> _Activity_
From the first line to the last, retype the records exactly without their images.

> _Available records_
########
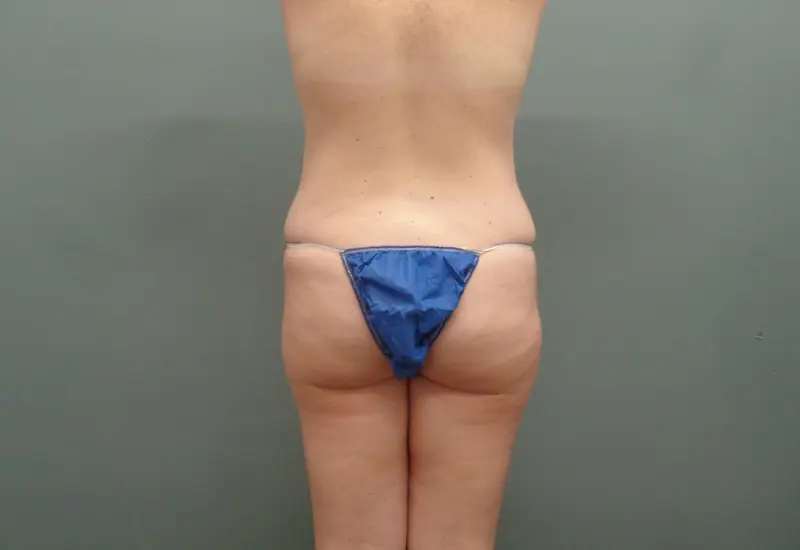 Butt Augmentation Before and After Pictures Nashville, TN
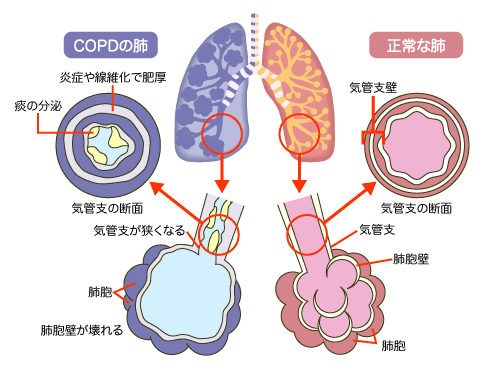 COPDの原因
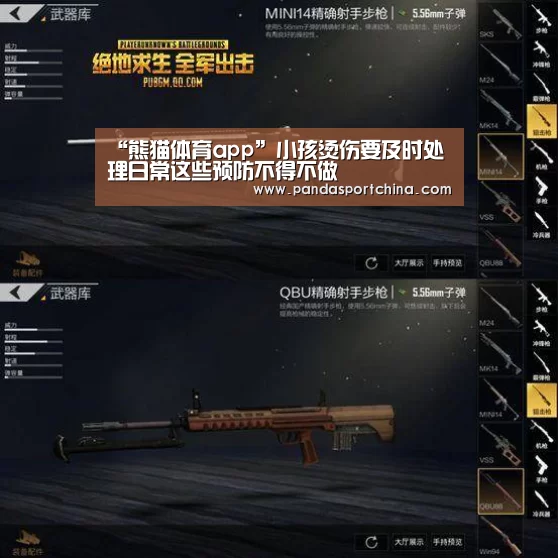 “熊猫体育app”小孩烫伤要及时处理日常这些预防不得不做(图1) 熊猫体育平台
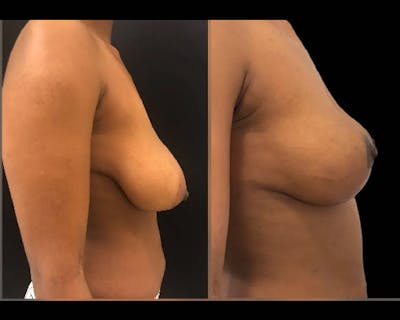 Breast Lift Before & After Gallery - Patient 304259 - Image 1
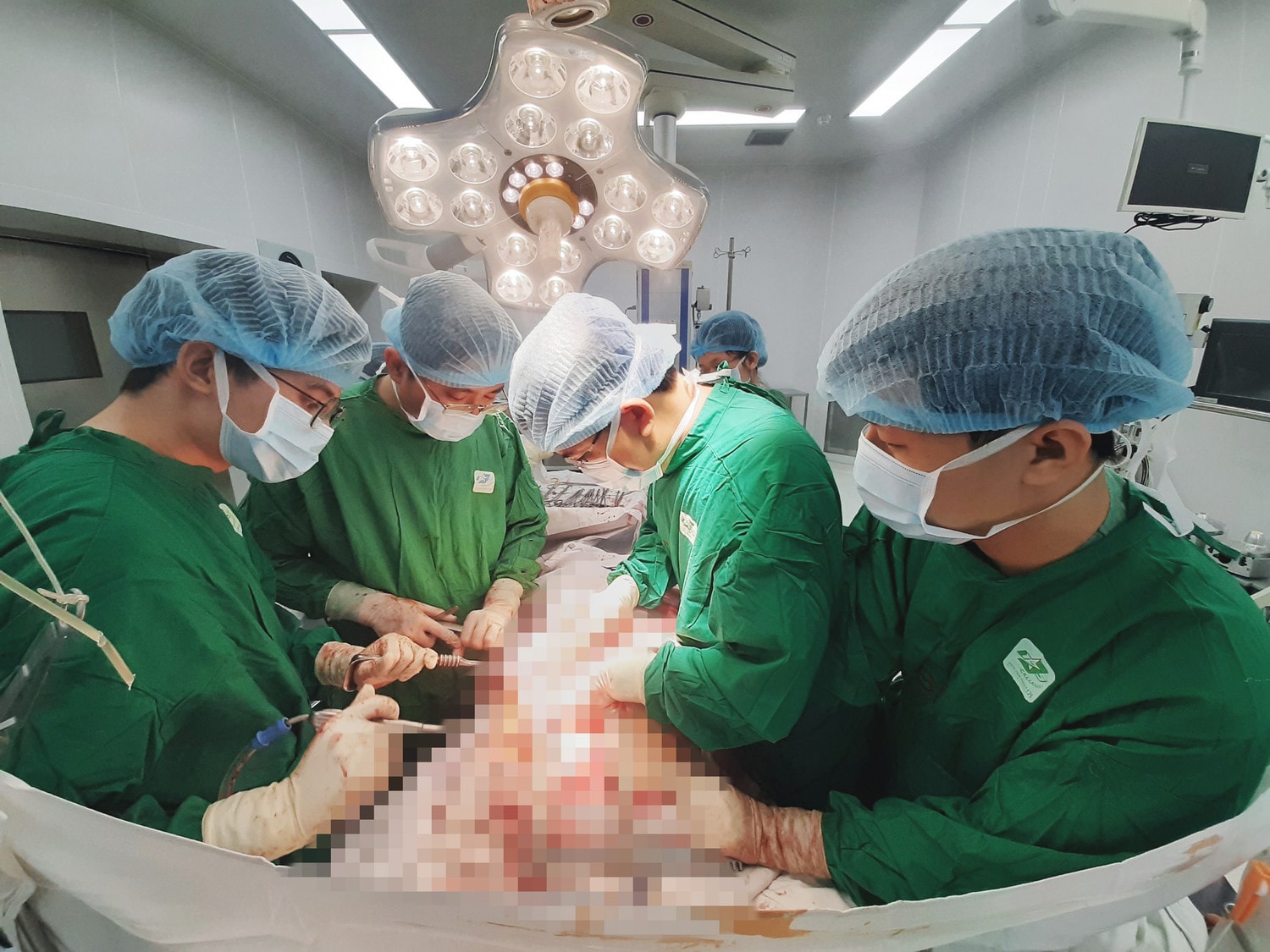 Bệnh viện Quân y 175 đã kích hoạt quy trình báo động đỏ (Code Red) để cấp cứu, phẫu thuật kịp thời, cứu sống có 5 vết thương vùng thành ngực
########
> _Response to this exercise_
 Butt Augmentation Before and After Pictures Nashville, TN
 COPDの原因
 “熊猫体育app”小孩烫伤要及时处理日常这些预防不得不做(图1) 熊猫体育平台
 Breast Lift Before & After Gallery - Patient 304259 - Image 1
 Bệnh viện Quân y 175 đã kích hoạt quy trình báo động đỏ (Code Red) để cấp cứu, phẫu thuật kịp thời, cứu sống có 5 vết thương vùng thành ngực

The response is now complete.